## TASK STATEMENT
Please set down the line that contains "TB8436074 Property Photo" and every line below it through the last, exactly as written, with no other lines.

## MATERIALS PROVIDED
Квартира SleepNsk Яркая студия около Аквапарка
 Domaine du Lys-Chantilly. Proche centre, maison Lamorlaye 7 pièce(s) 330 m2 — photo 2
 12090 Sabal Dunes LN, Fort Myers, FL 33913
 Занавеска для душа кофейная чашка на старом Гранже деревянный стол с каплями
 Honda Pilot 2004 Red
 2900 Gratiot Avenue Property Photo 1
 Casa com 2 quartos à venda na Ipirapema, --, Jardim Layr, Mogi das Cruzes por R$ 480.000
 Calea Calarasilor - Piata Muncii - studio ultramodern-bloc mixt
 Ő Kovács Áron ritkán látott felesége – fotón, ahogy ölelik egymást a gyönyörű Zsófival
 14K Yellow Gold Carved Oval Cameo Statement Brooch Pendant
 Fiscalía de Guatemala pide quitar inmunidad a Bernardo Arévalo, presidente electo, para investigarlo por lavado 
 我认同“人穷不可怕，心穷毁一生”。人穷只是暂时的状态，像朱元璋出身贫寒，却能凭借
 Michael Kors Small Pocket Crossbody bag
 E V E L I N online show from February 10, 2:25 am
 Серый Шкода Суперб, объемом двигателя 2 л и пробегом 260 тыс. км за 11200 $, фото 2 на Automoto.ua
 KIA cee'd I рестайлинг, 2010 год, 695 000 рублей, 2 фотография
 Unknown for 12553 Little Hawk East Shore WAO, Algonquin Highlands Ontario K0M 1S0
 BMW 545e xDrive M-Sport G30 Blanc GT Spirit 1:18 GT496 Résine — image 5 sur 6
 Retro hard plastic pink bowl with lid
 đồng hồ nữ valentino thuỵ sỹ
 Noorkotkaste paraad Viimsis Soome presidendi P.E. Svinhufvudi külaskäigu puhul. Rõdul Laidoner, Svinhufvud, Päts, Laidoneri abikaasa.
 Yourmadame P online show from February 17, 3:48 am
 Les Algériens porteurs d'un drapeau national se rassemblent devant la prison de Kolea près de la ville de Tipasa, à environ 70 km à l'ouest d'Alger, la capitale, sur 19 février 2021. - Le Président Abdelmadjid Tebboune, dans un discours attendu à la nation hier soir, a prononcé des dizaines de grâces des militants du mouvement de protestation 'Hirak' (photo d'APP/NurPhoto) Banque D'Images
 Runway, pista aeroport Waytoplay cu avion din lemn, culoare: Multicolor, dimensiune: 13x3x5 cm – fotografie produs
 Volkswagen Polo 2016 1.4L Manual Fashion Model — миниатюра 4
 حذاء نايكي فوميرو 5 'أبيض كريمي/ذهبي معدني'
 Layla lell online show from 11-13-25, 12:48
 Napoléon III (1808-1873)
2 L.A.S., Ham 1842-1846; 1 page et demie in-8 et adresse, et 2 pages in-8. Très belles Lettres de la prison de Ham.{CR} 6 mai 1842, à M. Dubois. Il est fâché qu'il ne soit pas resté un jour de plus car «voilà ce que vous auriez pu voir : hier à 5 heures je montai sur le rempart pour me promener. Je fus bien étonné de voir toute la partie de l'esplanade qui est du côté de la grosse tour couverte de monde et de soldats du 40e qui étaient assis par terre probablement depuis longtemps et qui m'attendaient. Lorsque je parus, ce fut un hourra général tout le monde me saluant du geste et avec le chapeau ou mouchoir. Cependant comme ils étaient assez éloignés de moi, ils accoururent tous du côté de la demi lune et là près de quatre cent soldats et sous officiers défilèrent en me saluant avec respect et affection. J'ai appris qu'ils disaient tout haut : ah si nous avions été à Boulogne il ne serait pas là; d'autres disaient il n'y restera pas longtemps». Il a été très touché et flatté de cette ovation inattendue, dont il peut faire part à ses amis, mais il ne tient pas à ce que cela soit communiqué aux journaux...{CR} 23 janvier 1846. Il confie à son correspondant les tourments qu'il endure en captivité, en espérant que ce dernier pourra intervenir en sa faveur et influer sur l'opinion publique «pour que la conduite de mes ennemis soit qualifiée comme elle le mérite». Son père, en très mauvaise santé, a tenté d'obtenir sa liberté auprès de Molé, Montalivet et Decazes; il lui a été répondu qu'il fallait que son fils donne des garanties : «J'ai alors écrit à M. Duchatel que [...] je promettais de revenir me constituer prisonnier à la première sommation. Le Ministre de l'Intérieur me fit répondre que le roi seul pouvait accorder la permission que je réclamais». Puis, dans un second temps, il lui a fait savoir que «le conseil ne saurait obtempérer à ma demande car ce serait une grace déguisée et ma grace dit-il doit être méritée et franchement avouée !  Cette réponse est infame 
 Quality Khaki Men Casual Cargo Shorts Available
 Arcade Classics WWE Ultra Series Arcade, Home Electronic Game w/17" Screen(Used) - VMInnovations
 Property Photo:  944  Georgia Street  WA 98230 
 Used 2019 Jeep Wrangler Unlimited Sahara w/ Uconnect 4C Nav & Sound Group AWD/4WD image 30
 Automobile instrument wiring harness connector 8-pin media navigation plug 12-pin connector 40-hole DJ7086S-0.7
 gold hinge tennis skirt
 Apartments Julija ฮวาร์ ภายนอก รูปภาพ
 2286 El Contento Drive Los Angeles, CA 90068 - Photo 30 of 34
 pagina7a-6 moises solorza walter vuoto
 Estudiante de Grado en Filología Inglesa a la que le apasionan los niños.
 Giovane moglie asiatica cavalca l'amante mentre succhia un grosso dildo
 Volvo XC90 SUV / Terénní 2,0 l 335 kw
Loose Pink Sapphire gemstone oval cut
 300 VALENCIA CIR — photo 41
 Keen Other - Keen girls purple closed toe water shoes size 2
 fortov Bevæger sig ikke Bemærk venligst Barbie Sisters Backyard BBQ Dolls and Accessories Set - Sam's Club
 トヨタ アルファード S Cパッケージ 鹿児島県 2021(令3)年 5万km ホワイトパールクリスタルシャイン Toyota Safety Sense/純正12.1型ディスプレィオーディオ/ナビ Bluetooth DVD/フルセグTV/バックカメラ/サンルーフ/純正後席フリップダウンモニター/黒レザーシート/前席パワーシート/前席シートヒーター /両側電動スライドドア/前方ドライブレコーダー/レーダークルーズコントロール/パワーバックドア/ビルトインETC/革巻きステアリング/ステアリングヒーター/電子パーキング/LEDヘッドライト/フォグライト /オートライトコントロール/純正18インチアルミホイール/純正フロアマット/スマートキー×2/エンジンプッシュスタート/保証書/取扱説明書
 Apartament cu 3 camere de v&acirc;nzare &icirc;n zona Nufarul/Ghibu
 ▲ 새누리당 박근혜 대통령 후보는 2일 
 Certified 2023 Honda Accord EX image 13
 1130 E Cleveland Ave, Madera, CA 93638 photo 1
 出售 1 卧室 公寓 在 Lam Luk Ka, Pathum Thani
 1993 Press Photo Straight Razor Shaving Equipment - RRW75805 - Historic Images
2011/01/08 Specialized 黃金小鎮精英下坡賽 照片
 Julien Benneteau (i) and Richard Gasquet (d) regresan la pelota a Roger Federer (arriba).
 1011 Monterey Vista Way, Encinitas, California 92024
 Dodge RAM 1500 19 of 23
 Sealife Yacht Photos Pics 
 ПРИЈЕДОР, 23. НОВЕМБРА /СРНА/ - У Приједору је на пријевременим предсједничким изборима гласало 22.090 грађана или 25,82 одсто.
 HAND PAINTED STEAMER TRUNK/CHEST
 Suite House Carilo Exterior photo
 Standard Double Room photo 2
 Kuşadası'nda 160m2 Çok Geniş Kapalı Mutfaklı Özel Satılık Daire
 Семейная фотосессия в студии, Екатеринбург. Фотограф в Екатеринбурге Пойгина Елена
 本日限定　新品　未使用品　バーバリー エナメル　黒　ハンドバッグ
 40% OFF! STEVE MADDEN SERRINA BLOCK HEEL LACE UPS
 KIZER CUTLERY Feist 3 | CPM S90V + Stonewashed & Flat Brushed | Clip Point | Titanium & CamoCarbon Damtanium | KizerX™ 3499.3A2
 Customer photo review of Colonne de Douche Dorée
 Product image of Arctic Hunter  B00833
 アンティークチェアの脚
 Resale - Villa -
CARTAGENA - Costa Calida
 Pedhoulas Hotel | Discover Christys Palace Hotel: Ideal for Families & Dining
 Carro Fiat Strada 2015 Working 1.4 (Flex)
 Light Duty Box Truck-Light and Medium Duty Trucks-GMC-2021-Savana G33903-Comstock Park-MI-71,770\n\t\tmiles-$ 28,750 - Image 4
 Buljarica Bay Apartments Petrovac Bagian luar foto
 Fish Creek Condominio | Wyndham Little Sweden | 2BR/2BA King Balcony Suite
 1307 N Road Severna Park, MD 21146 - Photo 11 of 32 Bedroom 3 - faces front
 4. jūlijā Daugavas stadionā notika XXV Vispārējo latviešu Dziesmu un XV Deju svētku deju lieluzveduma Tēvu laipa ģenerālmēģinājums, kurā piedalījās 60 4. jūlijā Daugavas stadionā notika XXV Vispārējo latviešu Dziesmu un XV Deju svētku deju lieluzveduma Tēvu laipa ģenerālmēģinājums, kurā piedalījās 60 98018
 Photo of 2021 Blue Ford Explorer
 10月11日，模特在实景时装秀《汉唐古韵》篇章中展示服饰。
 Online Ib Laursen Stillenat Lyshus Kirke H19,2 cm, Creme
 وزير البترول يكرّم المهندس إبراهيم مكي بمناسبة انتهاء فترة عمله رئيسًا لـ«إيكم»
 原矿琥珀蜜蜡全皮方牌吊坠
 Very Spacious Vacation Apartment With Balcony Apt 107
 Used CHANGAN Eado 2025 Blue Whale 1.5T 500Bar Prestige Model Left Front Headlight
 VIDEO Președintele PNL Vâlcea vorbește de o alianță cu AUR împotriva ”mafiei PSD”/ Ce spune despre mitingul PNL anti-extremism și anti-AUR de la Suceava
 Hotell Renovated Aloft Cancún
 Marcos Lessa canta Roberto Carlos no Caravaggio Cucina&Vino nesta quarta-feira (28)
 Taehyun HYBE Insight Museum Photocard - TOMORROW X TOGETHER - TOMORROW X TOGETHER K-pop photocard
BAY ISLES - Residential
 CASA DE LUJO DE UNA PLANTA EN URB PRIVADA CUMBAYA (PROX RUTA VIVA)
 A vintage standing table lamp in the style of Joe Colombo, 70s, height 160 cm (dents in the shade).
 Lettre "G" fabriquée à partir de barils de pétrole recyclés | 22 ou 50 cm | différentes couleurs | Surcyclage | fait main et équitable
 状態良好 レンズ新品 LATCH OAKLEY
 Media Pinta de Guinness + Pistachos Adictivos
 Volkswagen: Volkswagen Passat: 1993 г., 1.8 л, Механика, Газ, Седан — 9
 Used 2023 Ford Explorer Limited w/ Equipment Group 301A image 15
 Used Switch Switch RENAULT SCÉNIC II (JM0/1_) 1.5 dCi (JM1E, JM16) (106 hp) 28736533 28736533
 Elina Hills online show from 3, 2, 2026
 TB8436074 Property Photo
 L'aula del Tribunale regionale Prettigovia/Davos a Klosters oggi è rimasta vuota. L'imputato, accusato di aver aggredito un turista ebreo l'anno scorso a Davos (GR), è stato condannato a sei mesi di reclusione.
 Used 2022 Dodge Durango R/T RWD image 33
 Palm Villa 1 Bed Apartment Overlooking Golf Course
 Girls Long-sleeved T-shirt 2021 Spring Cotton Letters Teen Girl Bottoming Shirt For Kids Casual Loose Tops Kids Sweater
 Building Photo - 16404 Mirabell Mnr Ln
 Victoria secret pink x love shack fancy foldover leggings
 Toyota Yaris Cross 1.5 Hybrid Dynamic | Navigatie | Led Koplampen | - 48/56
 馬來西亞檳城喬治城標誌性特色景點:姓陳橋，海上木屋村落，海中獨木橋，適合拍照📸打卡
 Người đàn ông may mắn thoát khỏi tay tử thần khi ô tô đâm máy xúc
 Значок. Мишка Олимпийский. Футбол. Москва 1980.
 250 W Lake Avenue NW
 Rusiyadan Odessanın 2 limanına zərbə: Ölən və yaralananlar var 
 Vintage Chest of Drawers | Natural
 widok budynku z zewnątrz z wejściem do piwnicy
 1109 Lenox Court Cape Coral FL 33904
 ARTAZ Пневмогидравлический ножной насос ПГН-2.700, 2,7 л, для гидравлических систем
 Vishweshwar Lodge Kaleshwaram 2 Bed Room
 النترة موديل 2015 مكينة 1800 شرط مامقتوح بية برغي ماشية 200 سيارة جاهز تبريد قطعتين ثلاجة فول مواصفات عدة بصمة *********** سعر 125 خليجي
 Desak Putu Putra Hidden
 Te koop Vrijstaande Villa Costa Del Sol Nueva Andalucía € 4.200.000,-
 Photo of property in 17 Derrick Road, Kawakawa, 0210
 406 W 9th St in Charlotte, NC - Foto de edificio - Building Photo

## SOLUTION FOR THIS PROBLEM
 TB8436074 Property Photo
 L'aula del Tribunale regionale Prettigovia/Davos a Klosters oggi è rimasta vuota. L'imputato, accusato di aver aggredito un turista ebreo l'anno scorso a Davos (GR), è stato condannato a sei mesi di reclusione.
 Used 2022 Dodge Durango R/T RWD image 33
 Palm Villa 1 Bed Apartment Overlooking Golf Course
 Girls Long-sleeved T-shirt 2021 Spring Cotton Letters Teen Girl Bottoming Shirt For Kids Casual Loose Tops Kids Sweater
 Building Photo - 16404 Mirabell Mnr Ln
 Victoria secret pink x love shack fancy foldover leggings
 Toyota Yaris Cross 1.5 Hybrid Dynamic | Navigatie | Led Koplampen | - 48/56
 馬來西亞檳城喬治城標誌性特色景點:姓陳橋，海上木屋村落，海中獨木橋，適合拍照📸打卡
 Người đàn ông may mắn thoát khỏi tay tử thần khi ô tô đâm máy xúc
 Значок. Мишка Олимпийский. Футбол. Москва 1980.
 250 W Lake Avenue NW
 Rusiyadan Odessanın 2 limanına zərbə: Ölən və yaralananlar var 
 Vintage Chest of Drawers | Natural
 widok budynku z zewnątrz z wejściem do piwnicy
 1109 Lenox Court Cape Coral FL 33904
 ARTAZ Пневмогидравлический ножной насос ПГН-2.700, 2,7 л, для гидравлических систем
 Vishweshwar Lodge Kaleshwaram 2 Bed Room
 النترة موديل 2015 مكينة 1800 شرط مامقتوح بية برغي ماشية 200 سيارة جاهز تبريد قطعتين ثلاجة فول مواصفات عدة بصمة *********** سعر 125 خليجي
 Desak Putu Putra Hidden
 Te koop Vrijstaande Villa Costa Del Sol Nueva Andalucía € 4.200.000,-
 Photo of property in 17 Derrick Road, Kawakawa, 0210
 406 W 9th St in Charlotte, NC - Foto de edificio - Building Photo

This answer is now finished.